I've here a user-mode-linux image attached with a static ip address 192.168.1.50 to my host over a tap device and a bridge. All network connections to that system are fine, name resolution works too, tested with commands host, dig and ping. Both at host and at the UML image I' running dnsmasq.

But Thunderbird 10.0.4 is not able to access an IMAP server at the UML via the given hostname, only via the given ip address.
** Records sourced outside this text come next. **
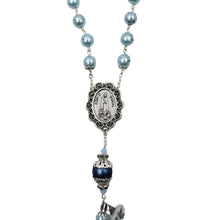 Load image into Gallery viewer, Handmade in Portugal Light Blue Pearl Beads Our Lady of Fatima Rosary
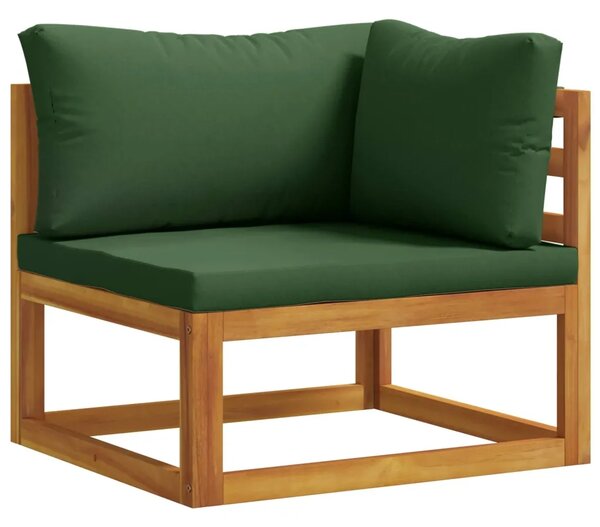 Kauč sa sjedećnicama u kutu Čvrsto drvo akacije Prirodna - Zelena Kutna sofa
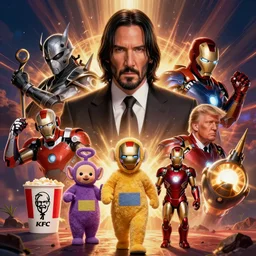 a photo, kfc, john wick, dark souls, overwatch, teletubbies, donald trump, iron man, nuclear bomb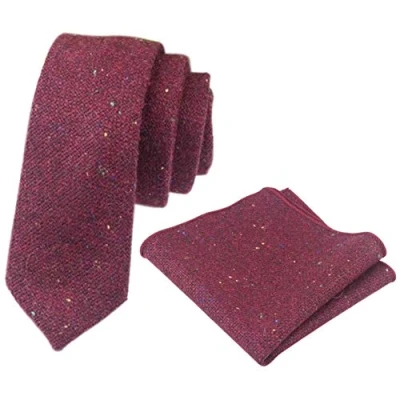 Image of DB Dickie Bow Men&#039;s Luxury Wool Skinny Neck Tie &amp; Pocket Square Set (Burgundy) suitable for formalwear, office, weddings, parties, grooms groomsmen outfits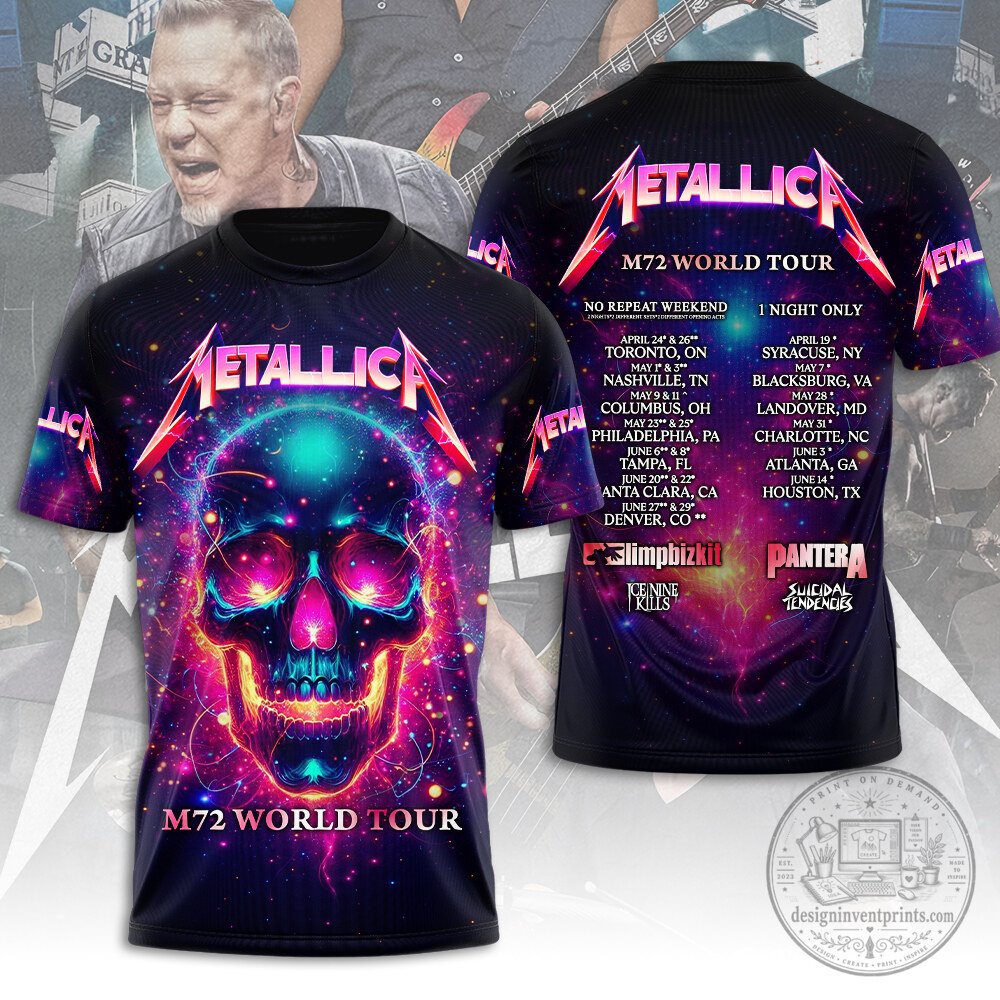 UCLA Bruins Football Fan Slip-On Shoes 6 Metallica M72 World Tour Neon Skull Graphic Band T-Shirt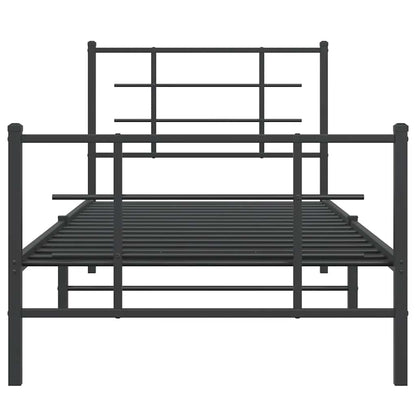 Bettgestell mit Kopf- und Fußteil Metall Schwarz 90x200 cm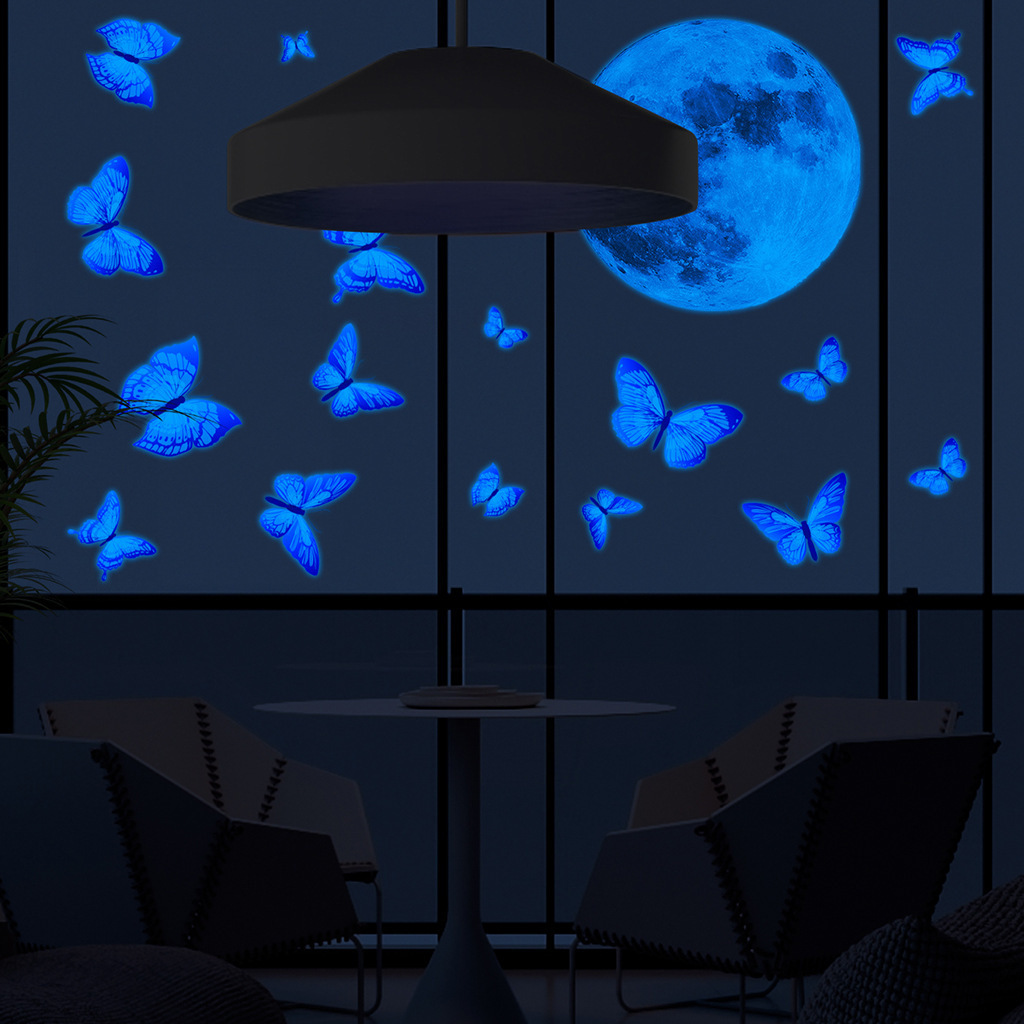 3D Luminous Butterfly Wall Stickers for Home Kids Bedroom Living Room Fridge Wall Decals Glow In Dark Wallpaper Decor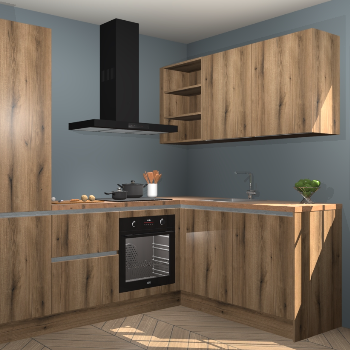 Goud Eiken greeploze keuken Krakau 112964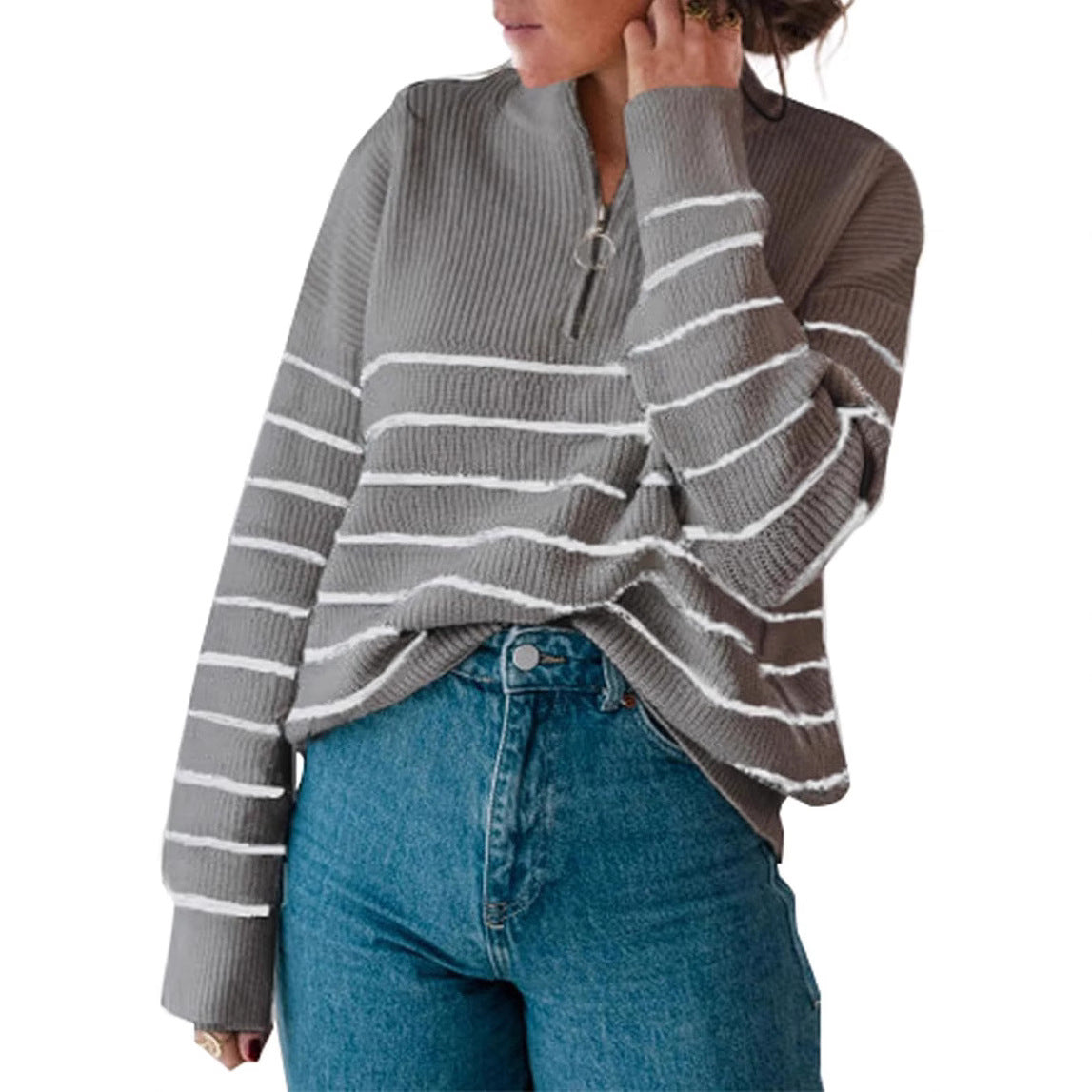 Pull décontracté pour femmes avec fermeture éclair courte et motif à rayures Chic und Stil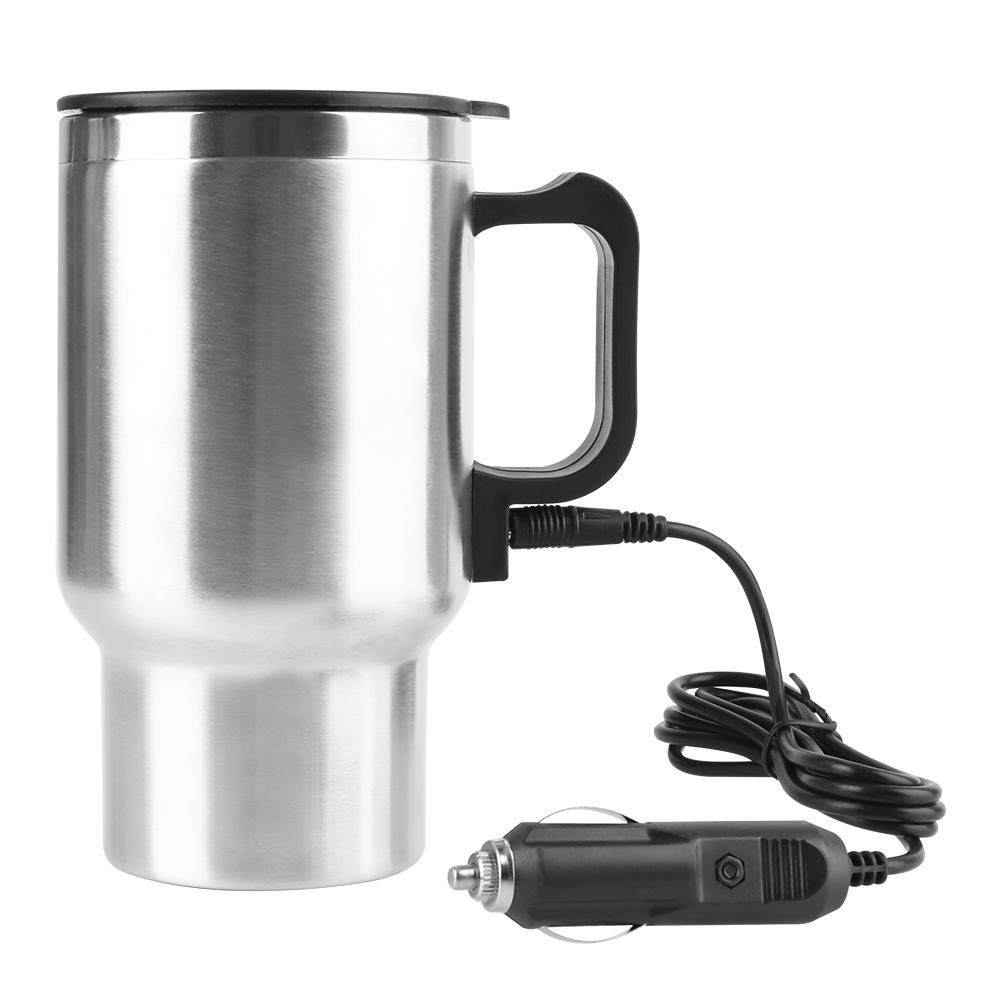 Vehicle Heating Cup Electric Heating Car Truck Cup Camping Travel Kettle Stainless Steel Water Coffee Milk Thermal Mug 12V 450ml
The entries in the hosts tables are made both at server and at UML.

 :Sad: 

----------

## Hu

Could you clarify what machines are running the various programs? *toralf wrote:*   

> Thunderbird 10.0.4 is not able to access an IMAP server at the UML

 Does this mean that the UML is running a Thunderbird which attempts to connect to an IMAP server on the Internet, that the UML is running a Thunderbird which attempts to connect to an IMAP server on the host, or that the IMAP server is on the UML instance and a Thunderbird elsewhere attempts to contact the UML-hosted IMAP server?

When you ran the connectivity tests, did you run them as the same user that runs Thunderbird?  If you ran the connectivity tests as root, then permissions problems with resolver files would not affect the test tools, but could affect Thunderbird.

----------

## toralf

Thunderbird is my mail client at the host system. The UML is used to run the courier server. The network check were run both as user (which runs thunderbird) and as root. I tseems that Thunderbird uses its own name resolving libs rather then those libs which are used by host, dig and ping.

----------

## pilla

Moved from Kernel & Hardware to Networking & Security.

----------